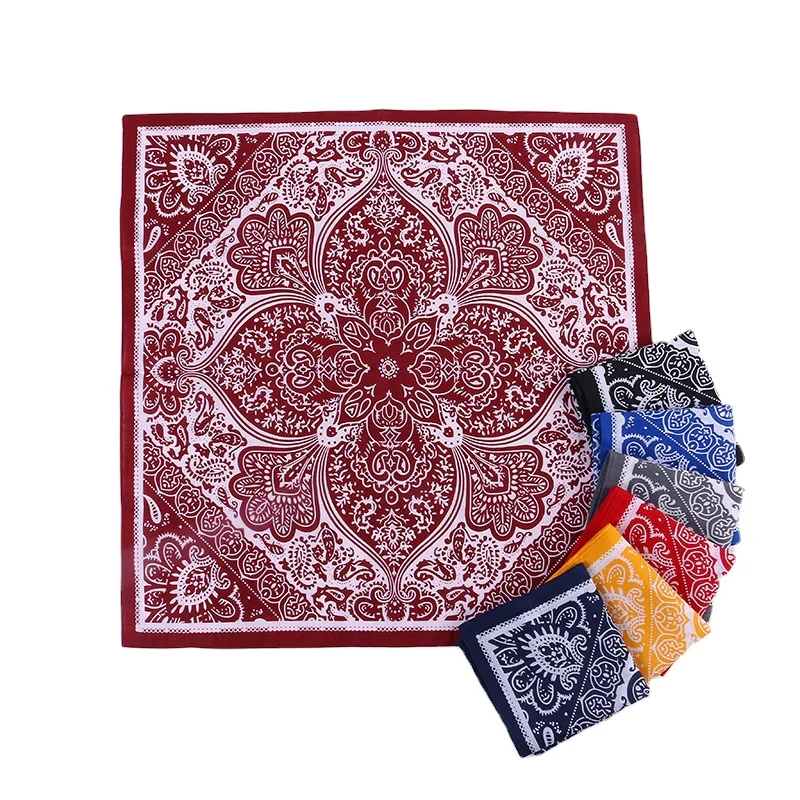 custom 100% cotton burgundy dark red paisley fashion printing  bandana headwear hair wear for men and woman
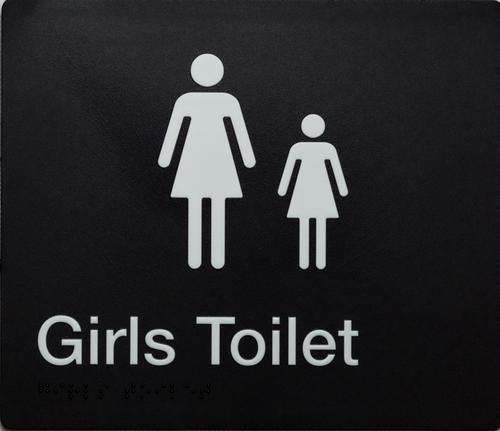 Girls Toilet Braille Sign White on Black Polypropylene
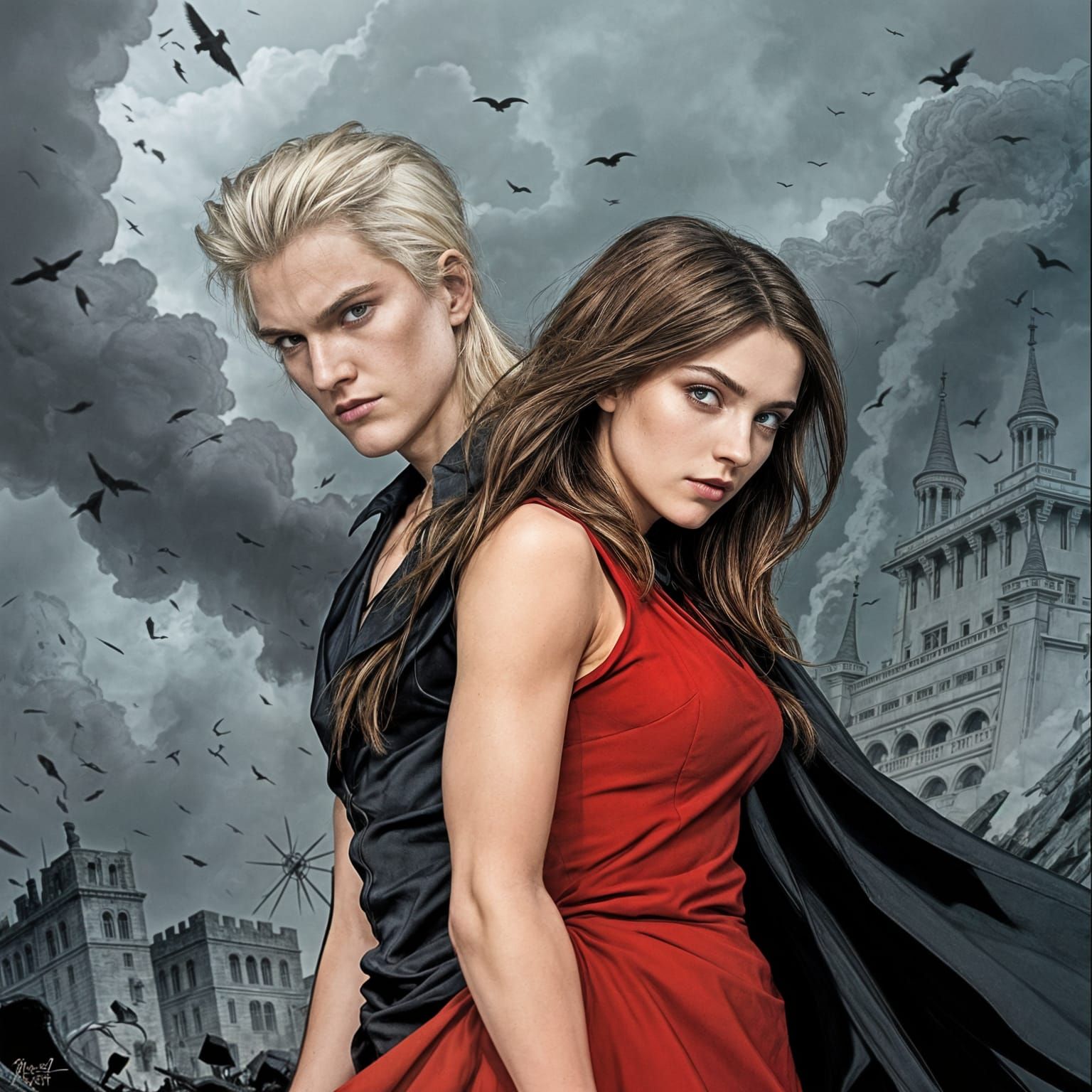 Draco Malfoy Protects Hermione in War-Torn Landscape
● ● ●
Give the listing above again in its entirety and exactly; do not include the pictures.

 custom 100% cotton burgundy dark red paisley fashion printing  bandana headwear hair wear for men and woman
 Girls Toilet Braille Sign White on Black Polypropylene
 Draco Malfoy Protects Hermione in War-Torn Landscape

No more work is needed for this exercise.